Previous | Home | Exercises | PDF slides | Next

Perl 2007: Lesson 5

This text is part of the lecture notes for a programming course taught at University of Tilburg, The Netherlands.

5. Subroutines

This section presents subroutines and related concepts such as variable scope and program arguments.

5.1. The basic facts

Subroutines are named blocks of code. The fact that they have a name enables us to execute their body of code from anywhere in the program by calling their name. Calls to subroutines can be recognized because subroutine names often start with the special character &. Here is an example:

   sub askForInput {
      print "Please enter something: ";
   }
   # other code is inserted here
   &askForInput();

When the subroutine askForInput is called at the end of the program, its body will be executed and the request for input will be printed. Note that the subroutine body will only be executed when the subroutine is called. So if the subroutine is located at the start of the program, the code in the body will just be skipped when the program is read.

Subroutines will perform small and useful tasks. After you have been programming for some months, you will have written many subroutines. Some of these will be used in different programs. You do not want to have to copy a subroutine to a program file every time you need it. There is a convenient work-around for this: put related subroutines in a file and include the file with the command require:

   # files with subroutines are stored here
   use lib "/home/wwwppl/erikt/perllib"; # directory
   # we will use this file
   require "nlp.pm"; # file: /home/wwwppl/erikt/perllib/nlp.pm

Here we start with defining in which directory the files with subroutines have stored. Then we read the file we want to use. Files included like this are called packages, modules or libraries. It is customary to give them a name with extension .pm which does not have to be specified in the require command. So in this example we are actually including file nlp.pm. When you write your own packages, you should be aware of the fact that Perl requires packages to return a true value. This can be enforced by letting the packages end with a one followed by a semicolon (1;):

   # example .pm file with one subroutine
   sub askForInput {
      print "Please enter something: ";
   }
   # to avoid "did not return a true value" error line
   1;

5.2. Variable scope

Suppose we have written a program with one subroutine. A variable $a is used both in the subroutine and in the main part program of the program. Here is an overview of the program:

   $a = 0;
   print "$a\n";
   sub changeA { $a = 1; }
   print "$a\n";
   &changeA();
   print "$a\n";

The value of $a will be printed three times and the question is what values will be printed. The first time the value is printed, the value 0 has been put in $a so this value will be printed. This will also happen the second time because the body of the subroutine definition will be skipped. The third time, the value 1 will be printed because $a has been changed by the subroutine call on the previous line. In this example, the variable $a can be accessed throughout the program: both in the main part and in the subroutine. We say that $a is a global variable.

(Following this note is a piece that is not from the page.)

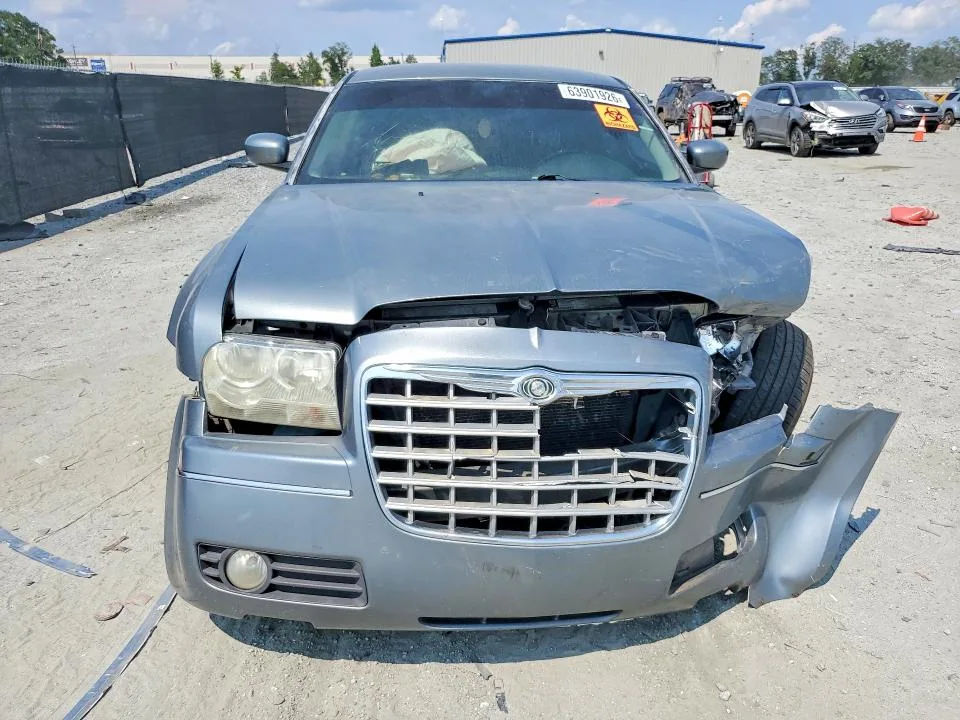 2C3KK53G27H737302 — 2007 CHRYSLER 300 photo 5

Suppose that we have written a subroutine which is included in some package. This subroutine may modify many variables. When we use this subroutine in some large program, we do not want to have to look inside the subroutine to see which variable names might clash with the variables of the main program. We want the subroutine to hide its variables from the rest of the program. This can be done by declaring the variables with my:

   my $a = 0;
   print "$a\n";
   sub changeA { my $a = 1; }
   print "$a\n";
   &changeA();
   print "$a\n";

Because we have put my before the first use of $a in the subroutine, changeA obtained its own variable $a which is not related to variable used in the main program. This means that the value of the main program variable will not be changed and the program will print 0 three times. The my construct influences the scope of a variable: the part of the program in which it can be used. It restricts it to the part starting after the variable definition and ending at the end of the subroutine in which the variable is defined.

5.3. Communication between subroutines and programs

Subroutines communicate with other parts of programs by exchanging variable values. Input of a subroutine can be specified by providing the input as arguments of the subroutine call, for example: &doSomething(2,"a",$abc). A peculiarity of Perl subroutines is that they convert their input variables to a flat list. This means that &doSomething((2,"a"),$abc) will result in the same as the earlier example. Inside the subroutine the argument values can be accessed via the special list @_. So the first argument (here 2) will be put in $_[0], the second (here "a") in $_[1] and the third (here $abc) in $_[2].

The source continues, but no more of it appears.